A potentially confusing title for anyone more familiar with Norman J Warren’s work than Indonesian genre classics, Joko Anwar’s Satan’s Slaves is a remake of a 1980 film of the same name. Anwar retains the 1980s setting and delivers a modern take on demonic possession, ritual and societal pressures. The film is currently screening at festivals worldwide, including Chicago’s Cinepocalypse, where it screened this past weekend.
Rini (Tara Basro) lives at home with her younger siblings Tony (Endy Arfian), Bondi (Nasar Anuz) and youngest Ian (Muhammad Adhiyat). Her mother Mawarni (Ayu Laksmi) is bed-bound by illness, while her father (Bront Palarae) and grandmother (Elly D. Lutha) struggle to maintain financial security for the family. When Mawarni dies, Rini is left to keep order on things while her father visits the city to settle up some finances. The household is increasingly disturbed as the boys all experience strange apparitions around the house. When the siblings discover their grandmother dead, an old acquaintance of the family (Egy Fedly) reveals long-kept secrets that might hold the key to the increasingly strange occurrences around them.
Satan’s Slaves is a wonderful haunted house movie that throws in elements of many other stalwart horror subgenres. Its scares are gloriously crafted with a couple of real stand-out sequences. These are heightened by a building sense of the familiar becoming unfamiliar, in both the living and the dead. The only distraction is its over-reliance on stingers, which unnecessarily under-line moments of fright, but put that aside and it’s a real fun house of a film.

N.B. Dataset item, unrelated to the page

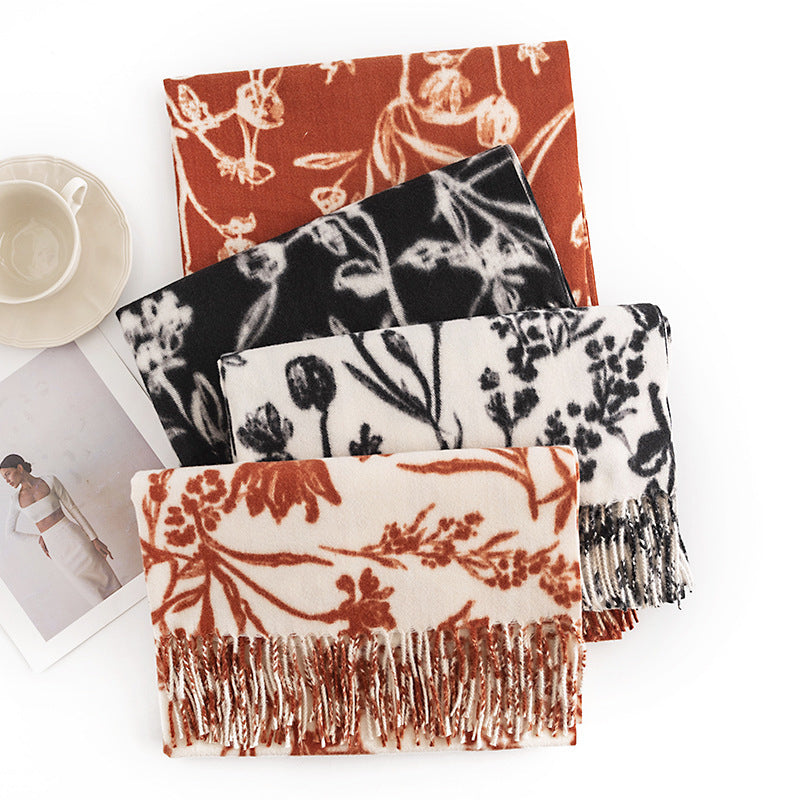 Classic Floral Print Soft Tassel Scarf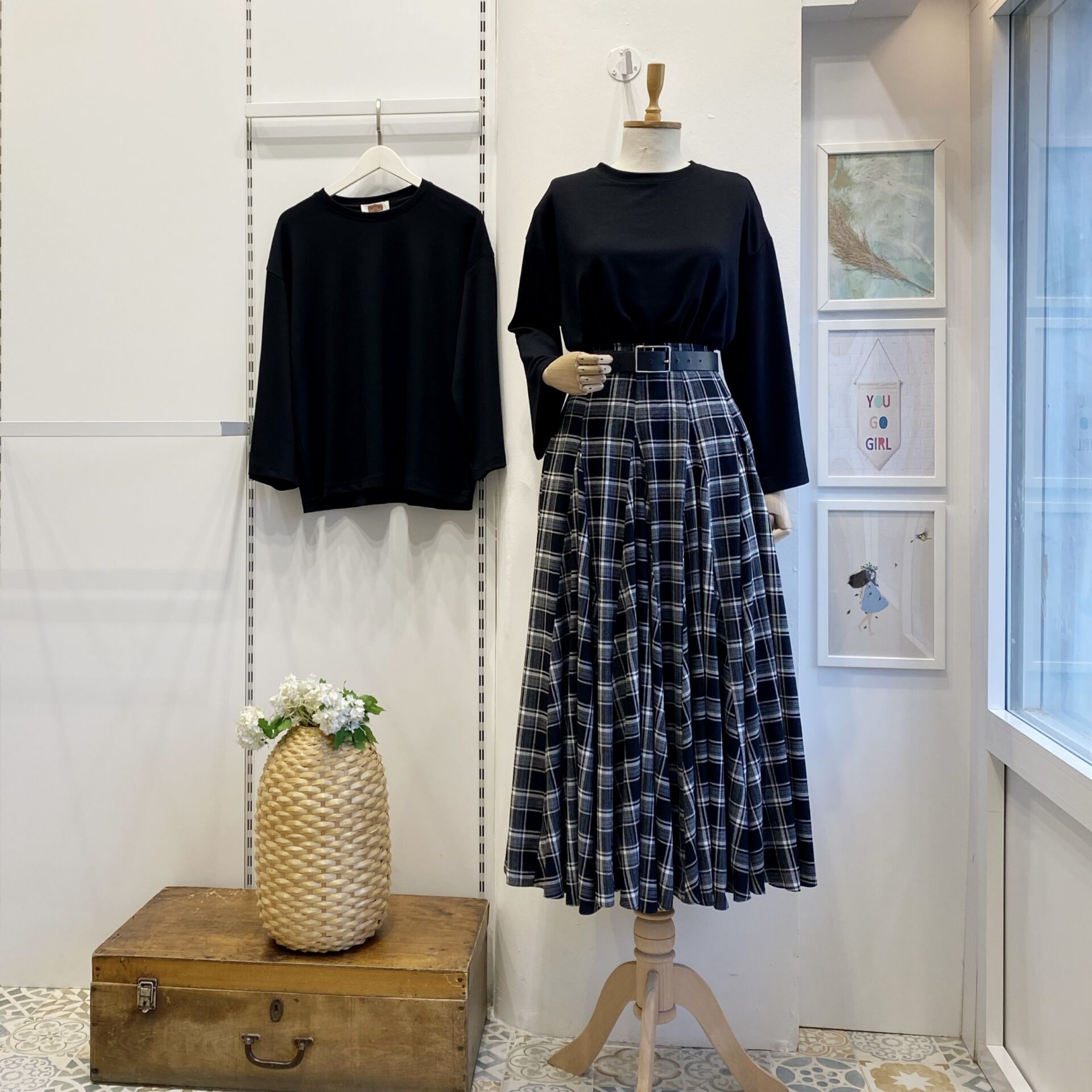 Siyah Ekoseli Melodie Etek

There are a few moments of slightly ropey SFX, but they’re totally negligible in the bigger picture of how well they’re used – including an unexpected moment of almost Fulci-esque gore.
There is certainly a lot going on in Satan’s Slaves, and there are a few changes in direction as the film progresses. As such you do have really be paying attention to keep up (I confess to uttering a ‘who are they, now?!’ at one point). The film manages its hefty narrative by rooting everything in its central family, though, lead mostly by Rini. Tara Basro gives a wonderful lead performance both in the quieter moments of domestic drama and the moments of out-right horror. The relationships between, particularly, the siblings are wonderfully constructed, and the performances from the younger actors are a delight.
There are thematic threads in the film that point to more slightly more profound concerns than fun-house scares – namely in the family’s secularity and their financial struggles. Mawarni was once a famous singer, and due to her illness the income her family receives has dried up, supposedly even from royalties. Tony sells his bike to help contribute to the household’s costs. Charmingly, none of the kids are bratty or annoying, even when they fight or irritate each other, which is quite the feat. The family also seeks help from the local religious leader, who suggests ways of dealing with the apparitions, and that perhaps this might not have happened had the family been stricter in their faith. The film is not so heavy-handed as to suggest right or wrong in either direction, which is entirely to its benefit.
Further to the film’s benefit is its rather magnificent look – the set dressing and costume design are spot on and provide a very rich sense of time and place. The rather cavernous bungalow in which most of the film’s scares take place is dressed sparsely but effectively – both for the set up of its scares and for portraying the sense of a once-wealthier family now facing hardship. Anyone who’s a sucker for period detail will likewise enjoy what’s on offer in the design.
Satan’s Slaves is a rock-solid scary film – characters to care about, well-paced and constructed scares and a deliciously creepy ending. Certainly, a film for repeat viewing, and I for one will be looking forward to seeing this title crop up elsewhere on the big screen before hopefully receiving a solid home release.
Our thanks to Cinepocalypse 2018 for granting us this preview of Satan’s Slaves.